Der heimische Handel steht weiterhin massiv unter Druck. Kriege, hohe Energiepreise, Inflation und zunehmende Bürokratie haben 2025 deutliche Spuren hinterlassen. Laut Handelsverband verzeichnete die Branche stagnierende Umsätze, gleichzeitig aber die meisten Insolvenzen aller Wirtschaftszweige. Mehr als 1.200 Betriebe mussten aufgeben – das dritte Rekordpleitejahr in Folge.
Trotzdem zeigt sich der Handel widerstandsfähig. In Bereichen wie Künstliche Intelligenz, Omnichannel-Strategien, Kreislaufwirtschaft oder Longevity zählt die Branche europaweit zu den Innovationsführern. Bereits rund zwei Drittel der Händler setzen KI-Tools ein – etwa in Logistik, Marketing oder Kundenservice.
Sorgen bereitet jedoch die Kostenentwicklung: Energie, Löhne, Mieten und Gebühren steigen schneller als die Umsätze. Besonders problematisch sei laut Handelsverband der Energiesektor, in dem fehlender Wettbewerb die Preise hochhalte.

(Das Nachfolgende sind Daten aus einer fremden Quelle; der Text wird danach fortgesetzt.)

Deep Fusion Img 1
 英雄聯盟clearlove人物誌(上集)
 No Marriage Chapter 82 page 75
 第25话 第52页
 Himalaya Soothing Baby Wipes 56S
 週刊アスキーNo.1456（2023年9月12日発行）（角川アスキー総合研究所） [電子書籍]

Auch die Bürokratiebelastung wächst weiter – allein in den vergangenen fünf Jahren wurden tausende neue EU-Regelungen eingeführt.
Empfehlungen an die Politik
Vor diesem Hintergrund präsentierte der Handel fünf Empfehlungen an die Politik: Bürokratieabbau, leistbare Energie, wettbewerbsfähige Arbeitskosten, faire Regeln im Onlinehandel und eine Stärkung des Wirtschaftsstandorts Österreich. Der Ausblick auf 2026 bleibt verhalten: Ein nachhaltiger Aufschwung sei möglich – aber nur, wenn politischen Ankündigungen endlich Taten folgen.